One could simultaneously hold that deciding, as a judge, whether a particular state action had been pre-empted by federal action was a difficult legal question requiring some specialized training and that Congress has the right effectively to invalidate particular judicial interpretations of the Constitution. That mix of views would not be elitist in any way that should give conservatives pause.
Some important constitutional questions strike me as relatively easy. Abortion, at least considered as an original matter, if no precedents were on the books, is one of them. (Although even this issue involves some difficulties: Are the unborn “persons” deserving equal protection of the laws, and what would that mean?)

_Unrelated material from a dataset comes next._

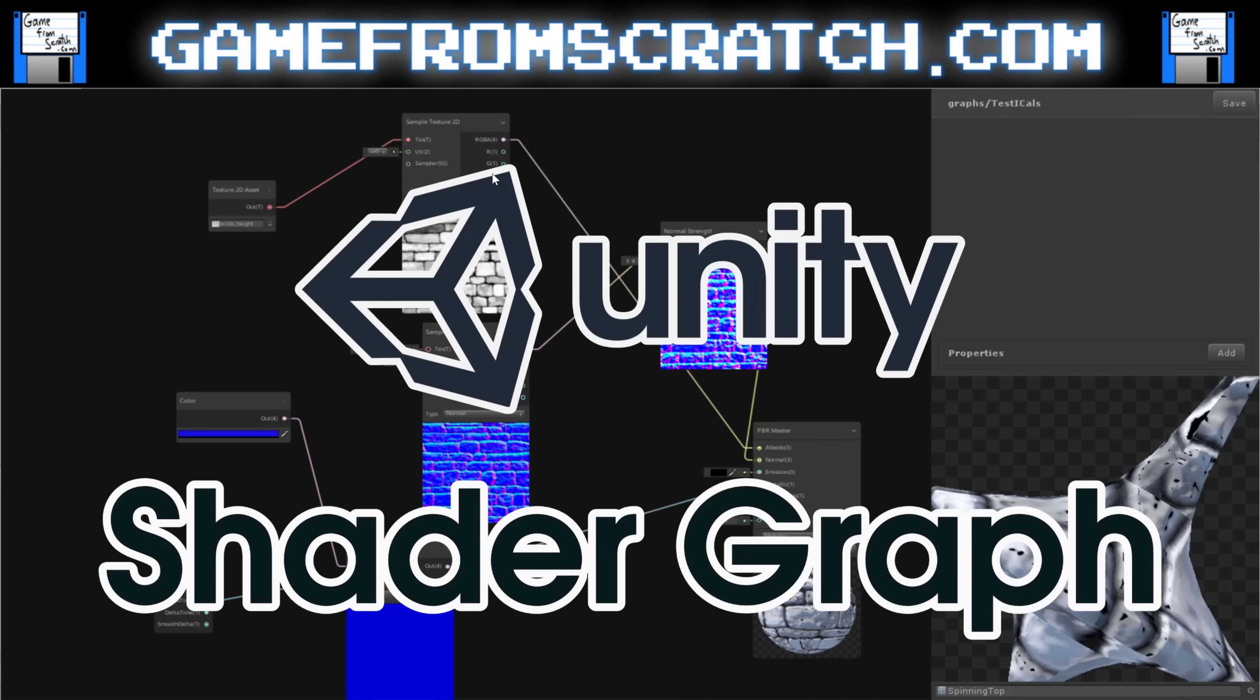Hello everybody, it's Mike here at Game Dev Scratch. And today we're going to be checking out a new feature in Unity 2018.1 called the Shader Graph.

In other cases, both figuring out the original meaning of constitutional provisions and applying it are difficult, as Gerard Bradley notes. I think that Justice Thomas got it right in the U.S. Term Limits case and that Justice Scalia got it right in Employment Division v. Smith. But there were genuinely tricky issues that could keep (and have kept) equally committed originalists from agreeing with them. Sometimes originalism might rule out particular constitutional answers without fully deciding an issue; at other times it might yield a definitive answer, but not easily. (As Bradley notes, the fact that a mathematical problem might have one correct answer does not mean that reaching it is easy.)
Also, I think that navigating a way back to an original meaning that we have left far behind raises difficult intellectual problems.
4) No connection to Pavarotti here.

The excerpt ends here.